[TASK BRIEF] Repeat each record below exactly, dropping the pictures.

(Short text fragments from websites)
◇ ◇ ◇ ◇

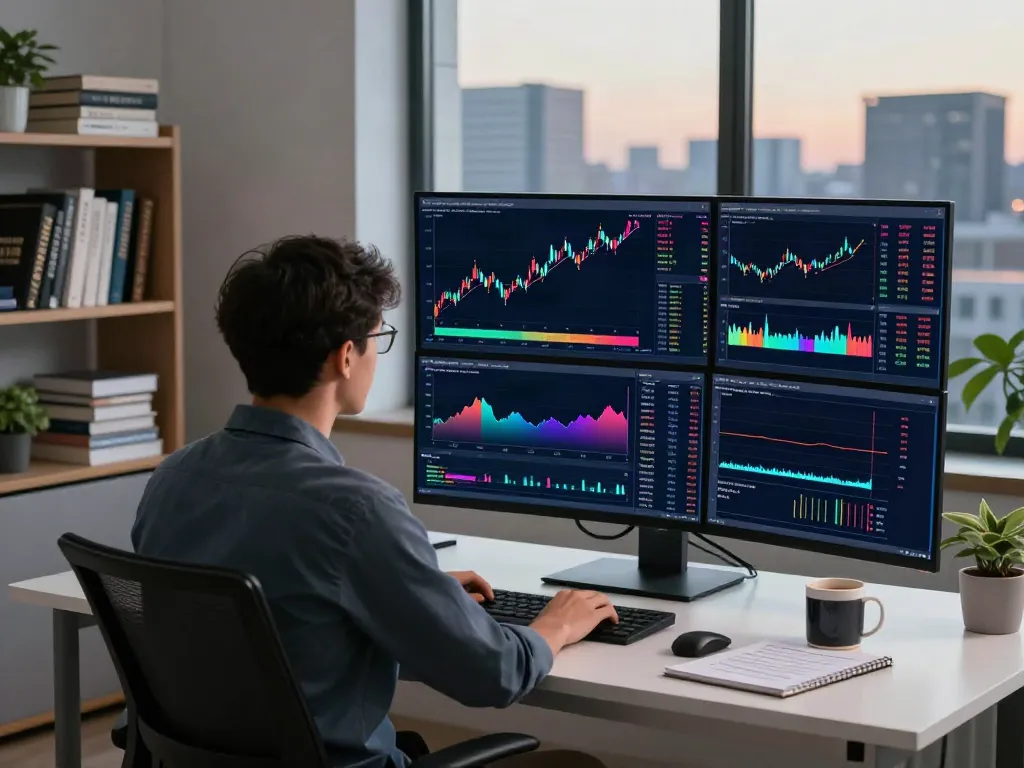 Dynamic trading analysis environment showcasing TradingView charts and trading tools.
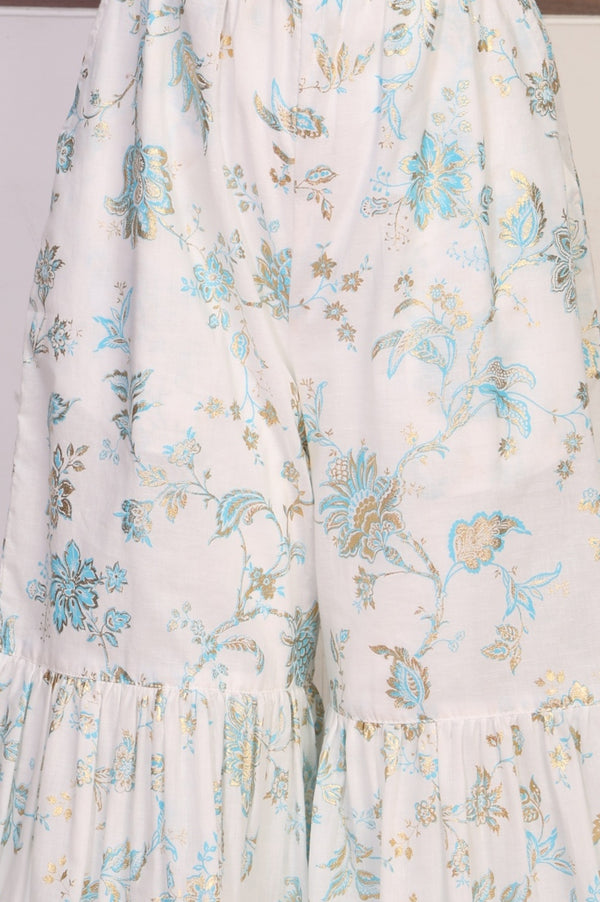 Girls' White Floral Printed Rayon Sleeveless Straight Kurta with Sharara and Dupatta Set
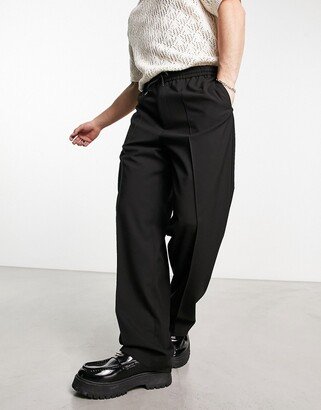 wide leg smart pants with drawcord in black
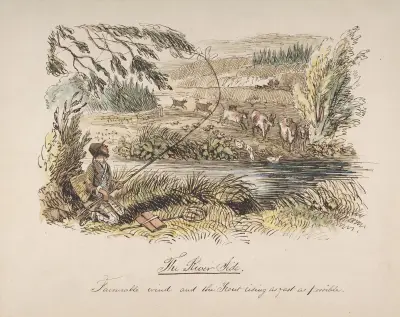 The Riverside, Favourable Wind and the Trout Rising as Fast as Possible av John Leech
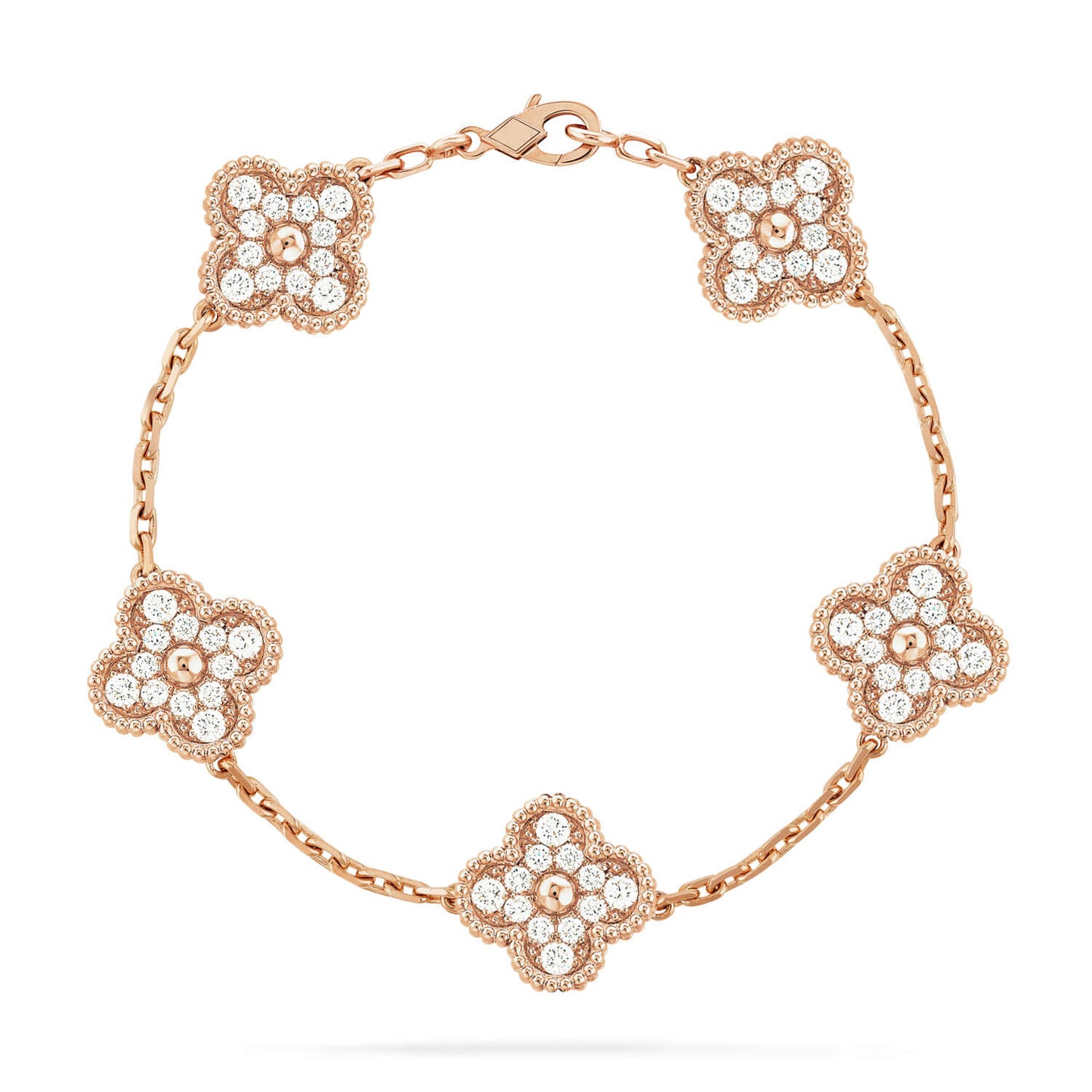 [Pearl Jewelrys]CLOVER 5 MOTIFS  FULL DIAMOND BRACELET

◇ ◇ ◇ ◇

[PROBLEM SOLUTION]
 Dynamic trading analysis environment showcasing TradingView charts and trading tools.
 Girls' White Floral Printed Rayon Sleeveless Straight Kurta with Sharara and Dupatta Set
 wide leg smart pants with drawcord in black
 The Riverside, Favourable Wind and the Trout Rising as Fast as Possible av John Leech
 [Pearl Jewelrys]CLOVER 5 MOTIFS  FULL DIAMOND BRACELET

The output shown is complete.